Maris Otter - 4.5kg (82.6%)
Crystal Medium - 0.35kg (6.4%)
Flaked Oats - 0.3kg (5.5%)
CaraAroma - 0.15kg (2.8%)
Biscuit Malt - 0.15kg (2.8%)

Challenger 40g @ 60mins
Bramling Cross 15g @ 20mins
Bramling Cross 10g in the cube.


I'm a bit undecided on yeast at the moment. I'm tossing up between S-04, 1469 and 1968 but I've not used any of them before so any advice would be great.

Also, should I be dry hopping on a beer like this?


----------



## manticle (21/11/14)

1469 is wonderful.
Look into simpsons golden naked oats - basically malted, crystal oats. Toast till golden brown for extra nuttiness.
Looks good - if it were me, I'd go challenger throughout or at least have some late. Beautiful hop. Dry hopping is fine but unnecessary I think. If doing it, be judicious - I'd be no more than 1g/L for 2-3 days if you really want to.


----------



## manticle (21/11/14)

Also dark uk crystal rather than german cara for raisiny goodness.


----------



## kaiserben (21/11/14)

I made a batch with 90% Maris Otter, 5% Dark Crystal and 5% Golden Rolled Oats. It was great (but not exactly what I was aiming for, which is something with a big malt backbone and a honey-like/toffee sweetness) and I fermented it with M79, which gave a type of fruitiness I'm not interested in. (I've since switched to S-04, and will also switch to mostly light crystal, but haven't yet tasted these newer batches). 

Comparing that 5% Golden Rolled Oats batch to another batch that was simply 95% MO and 5% Dark Crystal - the one with the Oats was definitely smoother (and slightly sweeter, I think), so the oats are worth experimenting with. 

For my honey-like/toffee, sweet ESB, I'll be putting in some Munich (on the advice of someone whose ESB was almost exactly what I'm after) with a fair whack of crystal (mostly light). I'll probably end up trying Golden Promise instead of Maris Otter. And will bring the Oats back into the mix once I've got the basics of what I'm after. So far it's been all EKG for hops. But would like to try a flavouring-stage hop that introduces something more like honey/stonefruit (any tips?) 

If anyone has some great ideas about getting some honey-like flavours in an ESB (without playing with actual honey) I'd appreciate your ideas.


----------



## manticle (21/11/14)

Using a yeast prone to throwing higher levels of VDKs might help. Lighter crystal rather than dark.


----------



## BrewedCrudeandBitter (21/11/14)

manticle said:


> 1469 is wonderful.
> Look into simpsons golden naked oats - basically malted, crystal oats.
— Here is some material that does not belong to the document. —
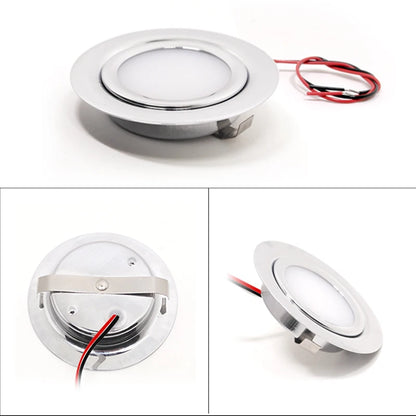 4/8PCS Stainless steel waterproof LED spotlight IP65 bathroom Ceiling or boat Built-in outdoor house Slim mini 12V downlight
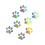Set van 8 waterdichte kattenpoten printstickers-Leiser 1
Toast till golden brown for extra nuttiness.
> Looks good - if it were me, I'd go challenger throughout or at least have some late. Beautiful hop. Dry hopping is fine but unnecessary I think. If doing it, be judicious - I'd be no more than 1g/L for 2-3 days if you really want to.


Those golden naked Simpsons oats look the goods.

I'll make sure to throw some challenger in late too.

Thanks!


----------



## BrewedCrudeandBitter (21/11/14)

The 1469 leaves the estimated FG at 1.017. Is that a bit high?


----------



## BrewedCrudeandBitter (21/11/14)

Agghhhh Craftbrewer are all out of Challenger 

Any suggested replacements? EKG?


----------



## TidalPete (21/11/14)

Perle or Northern Brewer


----------



## BrewedCrudeandBitter (21/11/14)

Yeah I went for Perle in the end. Cheers.


----------



## manticle (21/11/14)

For challenger I would sub northdown or first gold. Or change it up and usr ekg and styrian goldings.
Brew softwate cannot accurately predict fg but 1469 will attenuate your beer fine. For my bitters with my general mash and fermentation schedule, I expect 1012-ish.
I ignore suggested fg in recipe design software - it's flawed.


----------



## BrewedCrudeandBitter (7/2/15)

I just cracked this one and I'm pretty proud of it to be honest. I used medium and pale crystal instead of the caraaroma and went with the simpsons oats.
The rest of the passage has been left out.